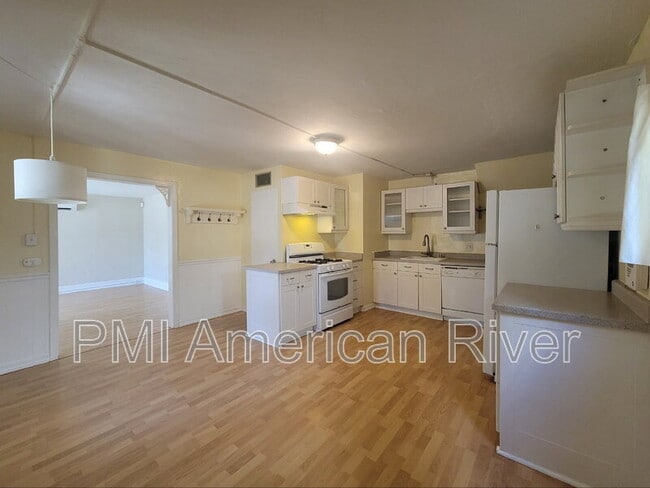 Building Photo - 718 28th St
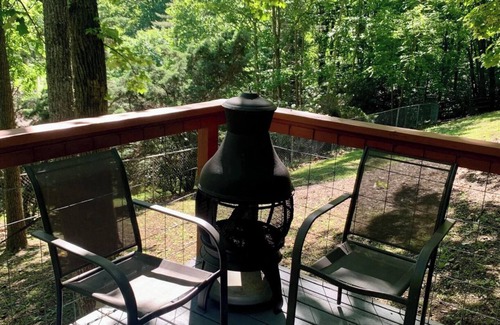 Sylva House | Tranquil 1-bedroom clamping bungalow in Sylva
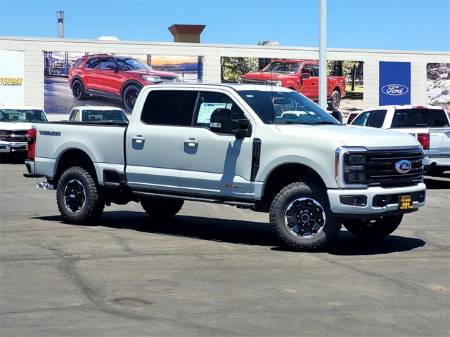 2025 Ford F-350SD Platinum
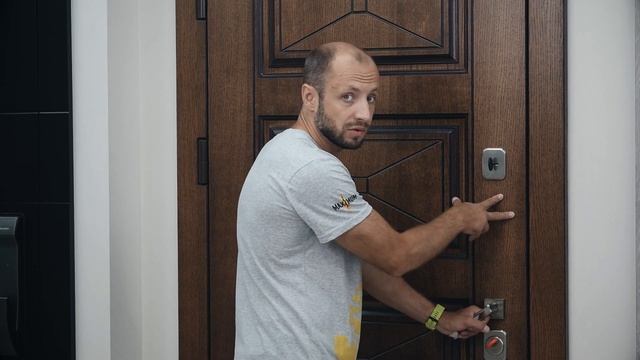 Почему дверь ЛЮФТИТ? / ЛЮФТ ВХОДНОЙ ДВЕРИ — НОРМА? смотреть онлайн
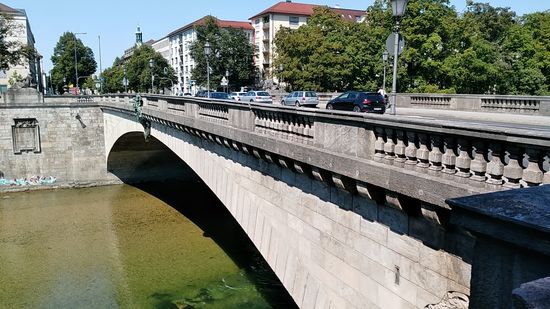 Die Luitpoldbrücke mit Blickrichtung zur Innenstadt.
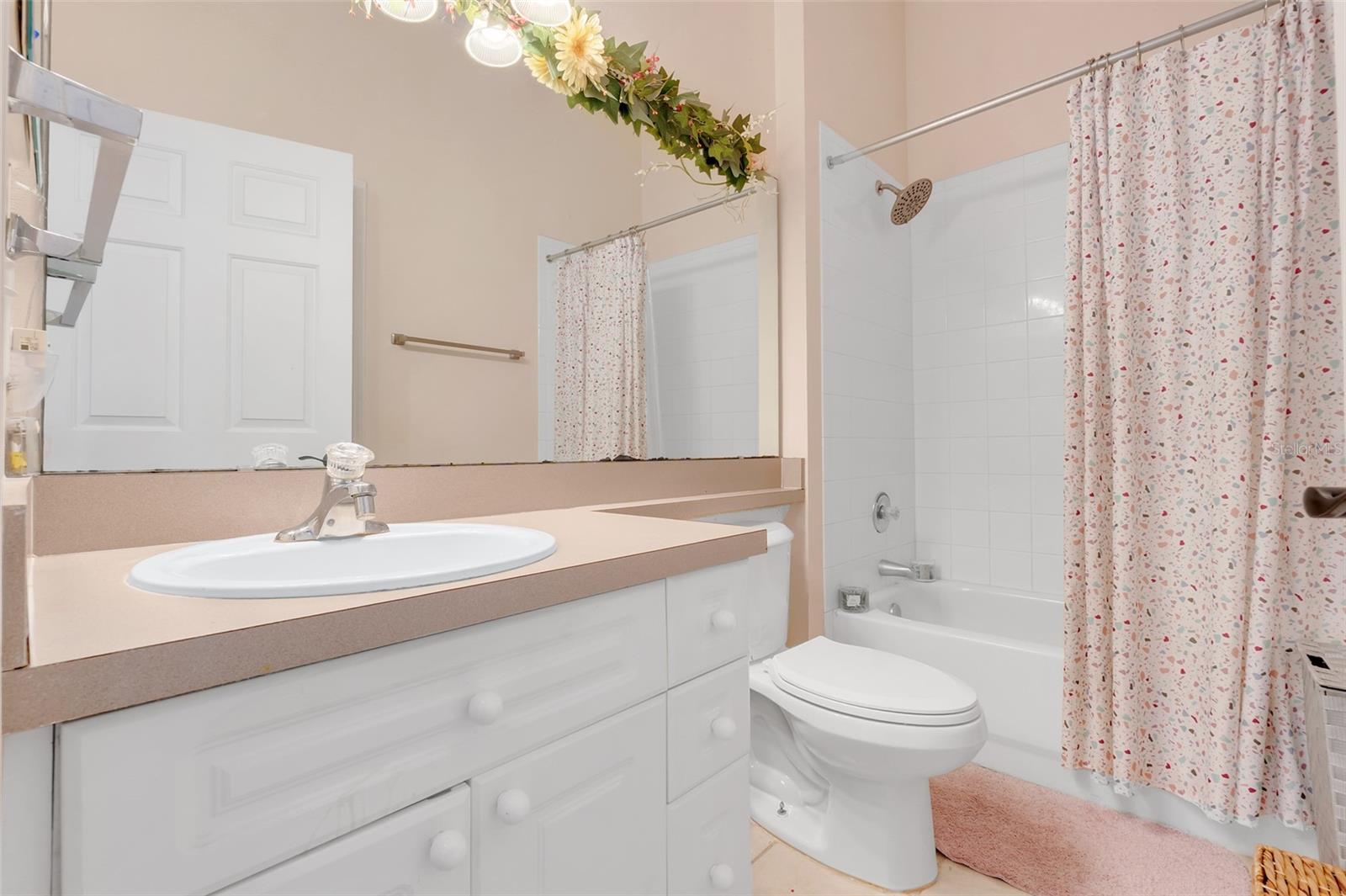 235 GOLDENRAIN DR #301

-=-=-=-=-

> _Work instructions_: Beginning with the line that holds "Die Luitpoldbrücke mit" and continuing to the end of the entries above, set down each line exactly, both ends included; include no pictures.

> _Answer to this problem_:
 Die Luitpoldbrücke mit Blickrichtung zur Innenstadt.
 235 GOLDENRAIN DR #301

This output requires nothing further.